"All right. Thank you. But before you sit down, let me just ask you, do you think that the other pending motions, including the issue of literal truth and ambiguity and the other matters that are yet to be litigated, are so wrapped up in vindictive prosecution that the Court should deal with them all at one time, or do you think that the Court can and should deal with vindictive prosecution separately?"
"I think vindictive prosecution, like our motion based on the appointment of the U.S. attorney, are threshold matters that the Court should resolve as a threshold. Mr. Comey would like to see both of those motions resolved because they both go to the very heart of whether a prosecution in this case is permissible, one by virtue of a challenge to the official who brought it, the other by virtue of whether it complies with the Constitution to bring a prosecution at all."

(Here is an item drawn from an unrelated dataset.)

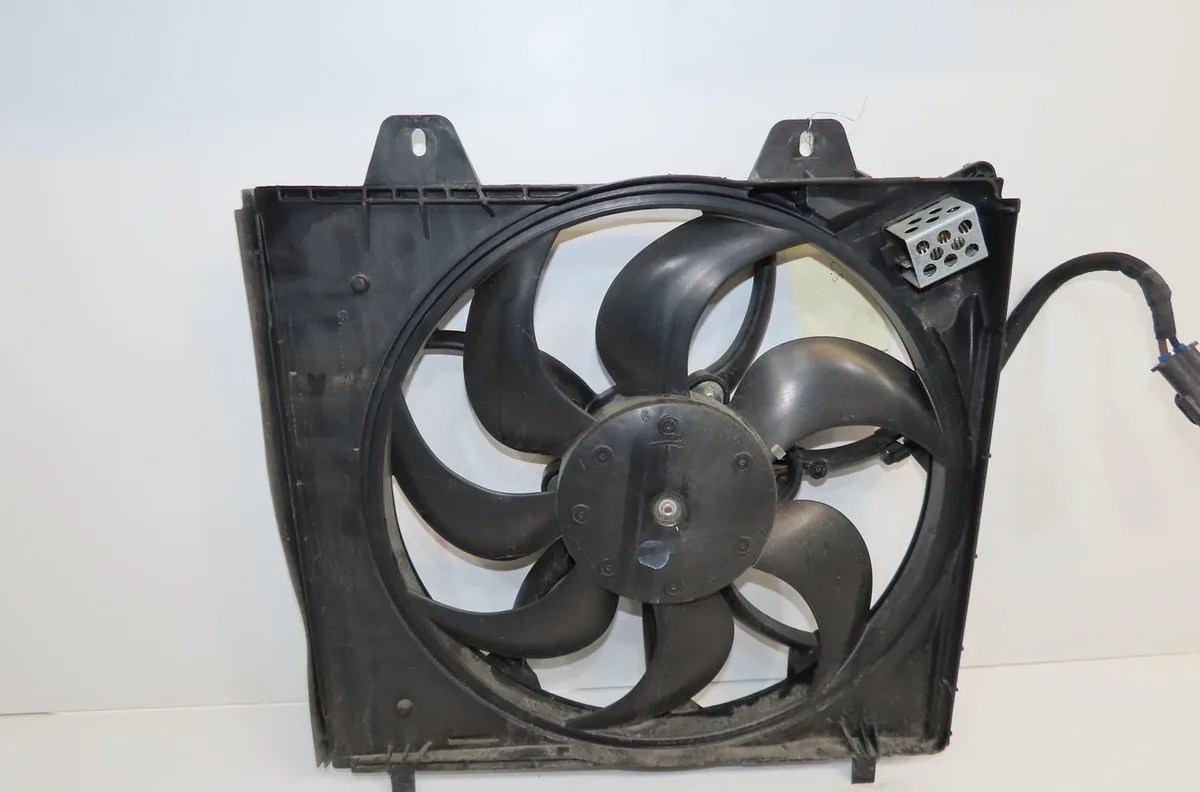 Ventilateur de refroidissement Peugeot 2008 II (UD_, US_, UY_, UK_) 1.2 puretech 100 (2019) occasion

"Our other motions are very important, and we have a series of them that challenge other aspects of the prosecution. As I'm sure the Court is well aware, there are issues relating to the conduct of the prosecutor in the grand jury. But this one and the appointments issue stand at the threshold. They're the gateway to all further motions, and those should be resolved at the outset of the case, in our view."
The court raised whether pending motions, including literal truth and ambiguity, are so intertwined with vindictive prosecution that they must be handled together or whether vindictive prosecution should be adjudicated separately. Vindictive prosecution and the appointment-of-U.S.-attorney challenge were framed as threshold matters that go to whether prosecution in the case is constitutionally permissible. Other motions challenge aspects such as grand jury conduct and prosecutorial behavior, but those were described as downstream issues. The threshold matters were presented as the gateway to further motions, and a request to advance the next motions hearing was denied.